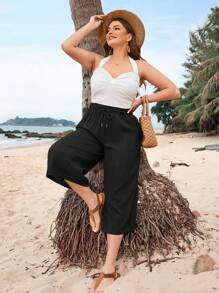 SHEIN VCAY Plus Size Solid Color Cropped Summer Pants - Black - View 5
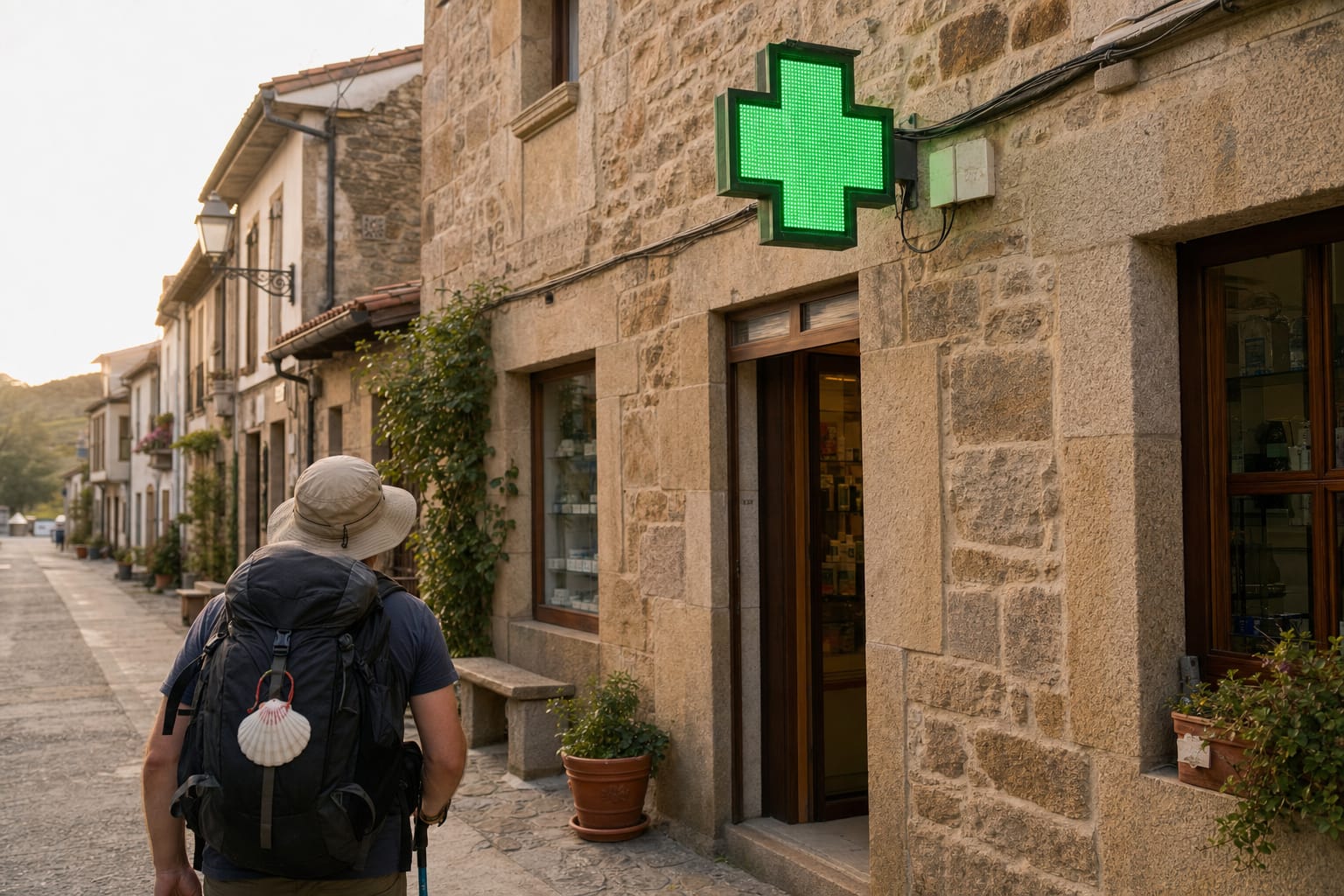 A traditional Spanish village pharmacy storefront with an illuminated green cross sign, stone facade, and a pilgrim with a backpack and scallop shell approaching the door in morning light.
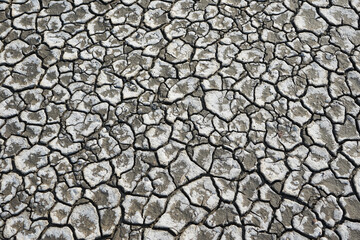 Cracked soil due to the long dry season. Rivers, lakes or ponds can dry and crack like this to form an irregular circle or hexagon pattern. Droughts like this often occur in African countries. 
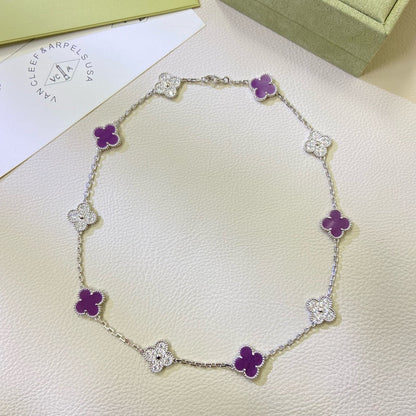 [⭐Seralia Jewelry]CLOVER 10 MOTIFS  PURPLE VIOLET DIAMOND NECKLACE
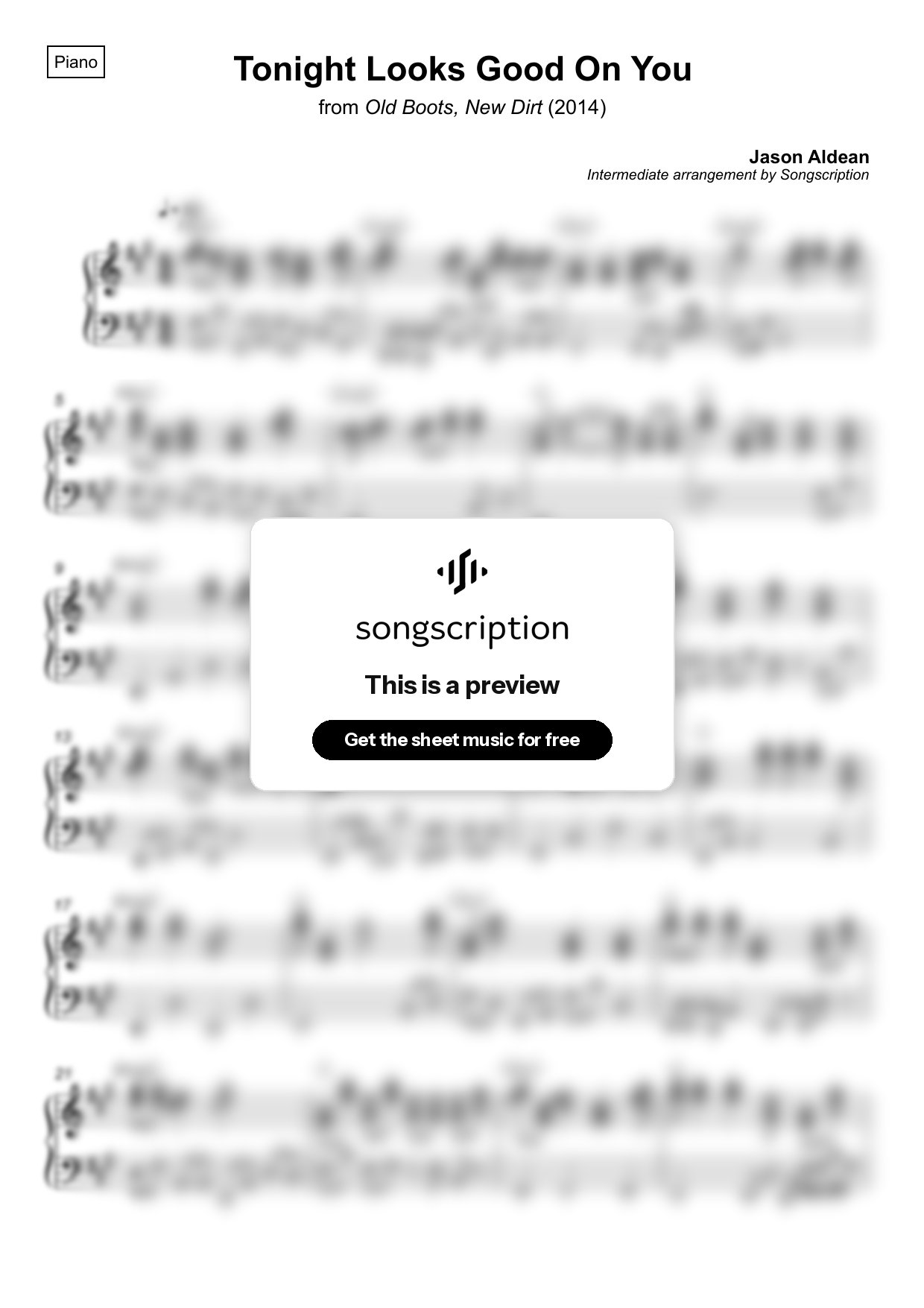 Intermediate Piano Sheet Music for "Tonight Looks Good On You" by Jason Aldean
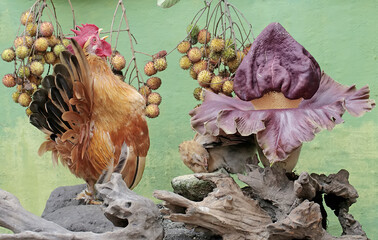 A rooster and a hen are hunting for termites in a rotten tree trunk overgrown with stink lilies....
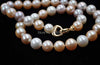 Natural 10-11mm near round white pink purple freshwater pearl necklace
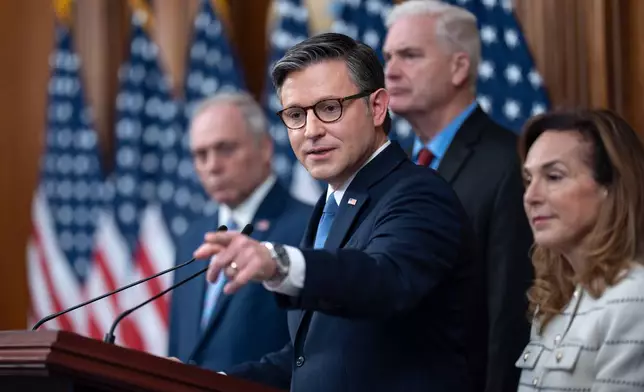 Speaker of the House Mike Johnson, R-La., and the House GOP leadership deliver the Republican message on the government shutdown, now in its ninth day, during a news conference at the Capitol in Washington, Thursday, Oct. 9, 2025. (AP Photo/J. Scott Applewhite)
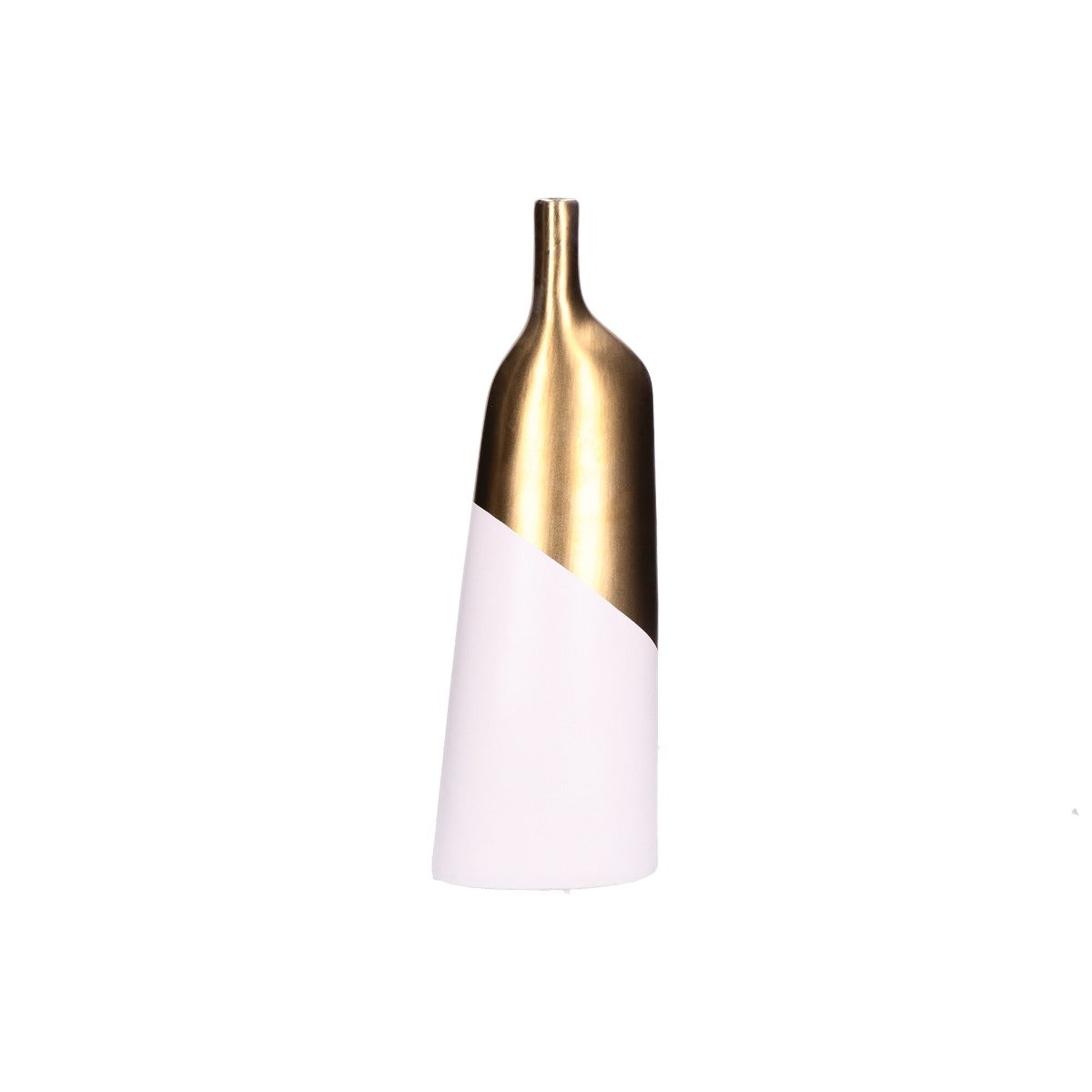 BOTTIGLIA DECORATIVA BASSA IN CERAMICA BIANCA E ORO "OBLIQUAMENTE"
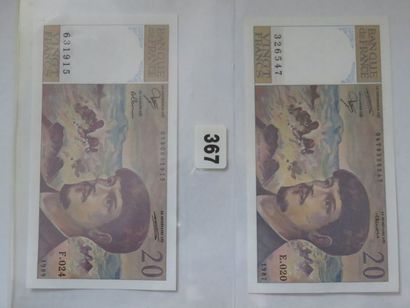 Billets - France - Lot de 2 billets 20 Francs...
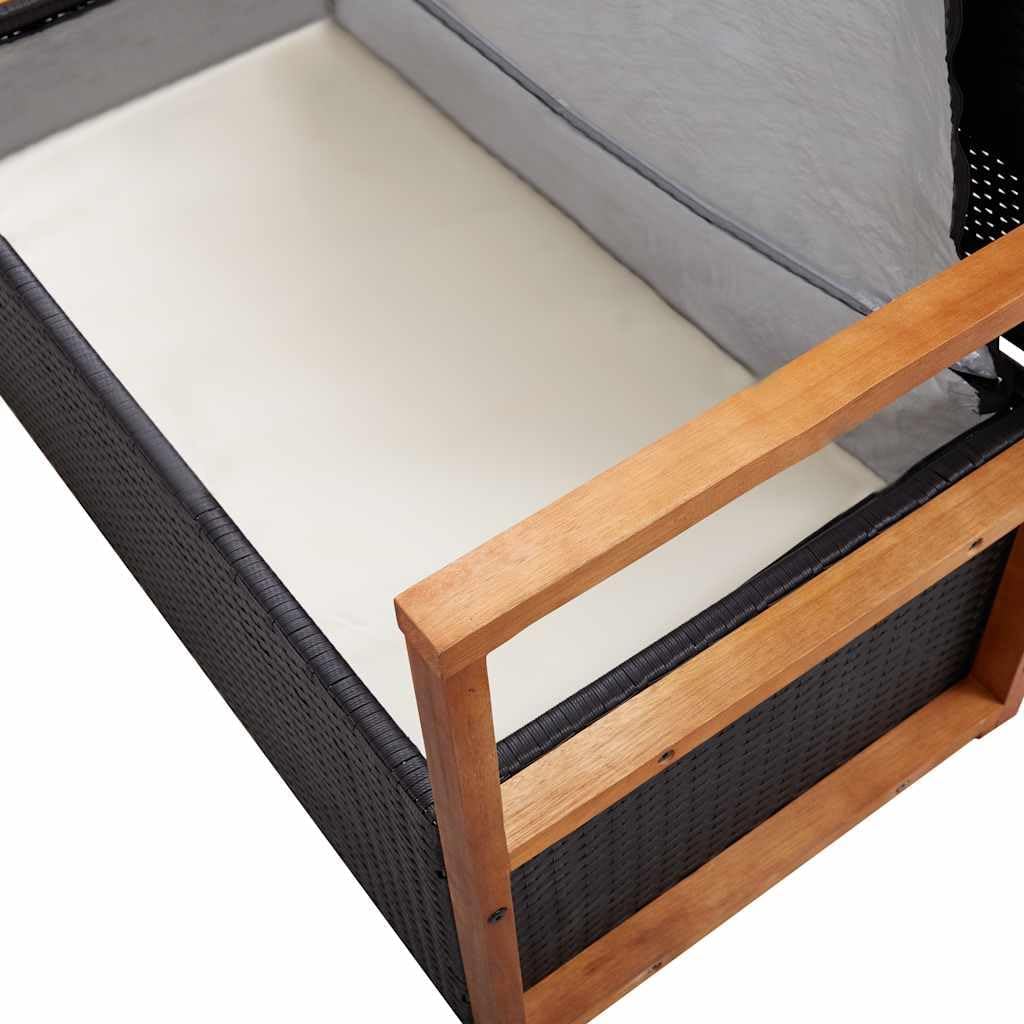 45.3" Outdoor Storage Bench - Poly Rattan Garden Bench with Solid Acacia Wood Armrests, Large Capacity Patio Seat with Removable Cushion for Backyard, Porch and Indoor Use, Black
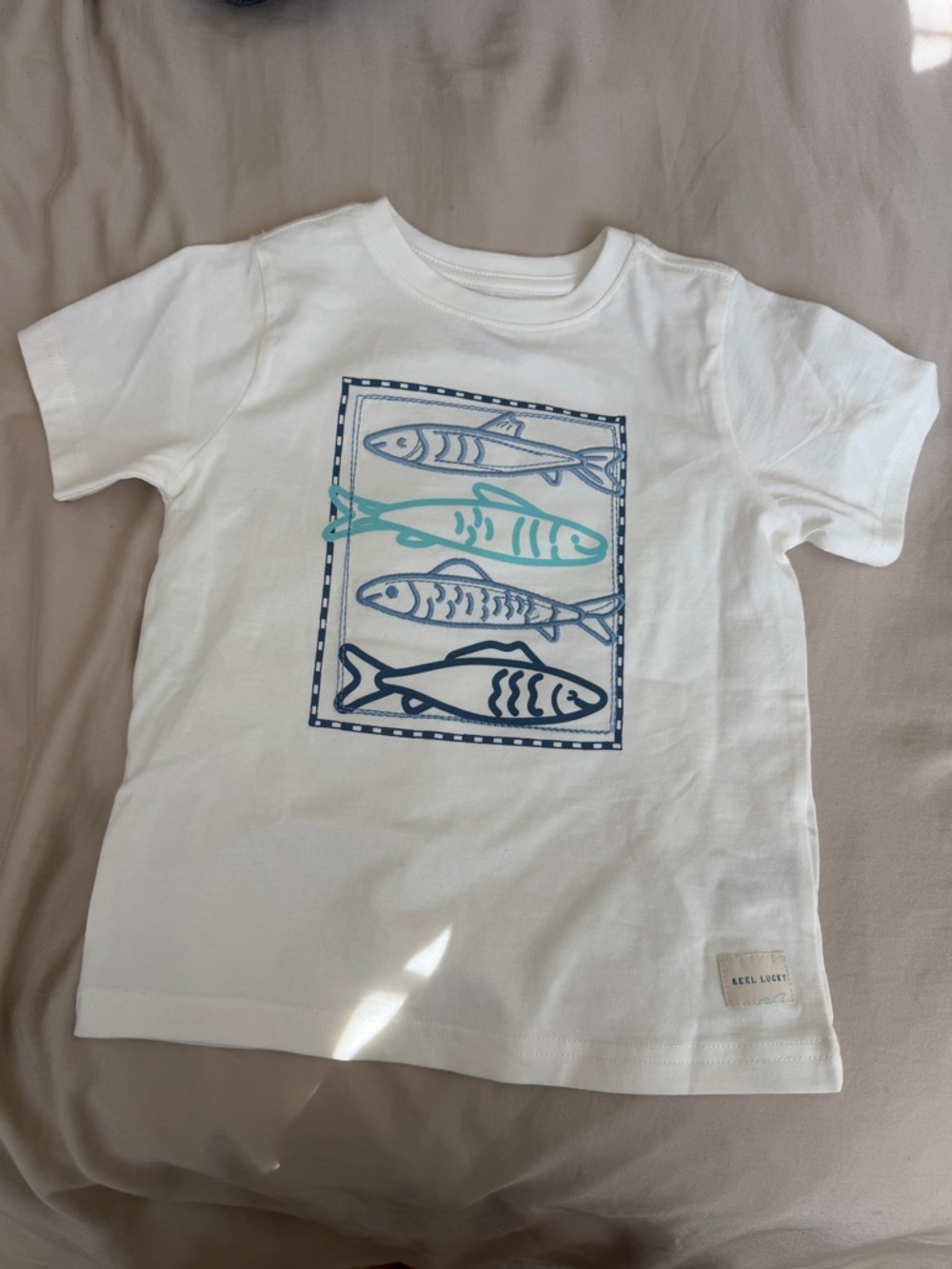Tommy Bahama White Tee with Blue & Aqua Fish Motif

--*--

__Work instruction__
Without any pictures, restate word for word only the lines from the one with "BOTTIGLIA DECORATIVA BASSA" through the end of the listing.

__Task response__
 BOTTIGLIA DECORATIVA BASSA IN CERAMICA BIANCA E ORO "OBLIQUAMENTE"
 Billets - France - Lot de 2 billets 20 Francs...
 45.3" Outdoor Storage Bench - Poly Rattan Garden Bench with Solid Acacia Wood Armrests, Large Capacity Patio Seat with Removable Cushion for Backyard, Porch and Indoor Use, Black
Tommy Bahama White Tee with Blue & Aqua Fish Motif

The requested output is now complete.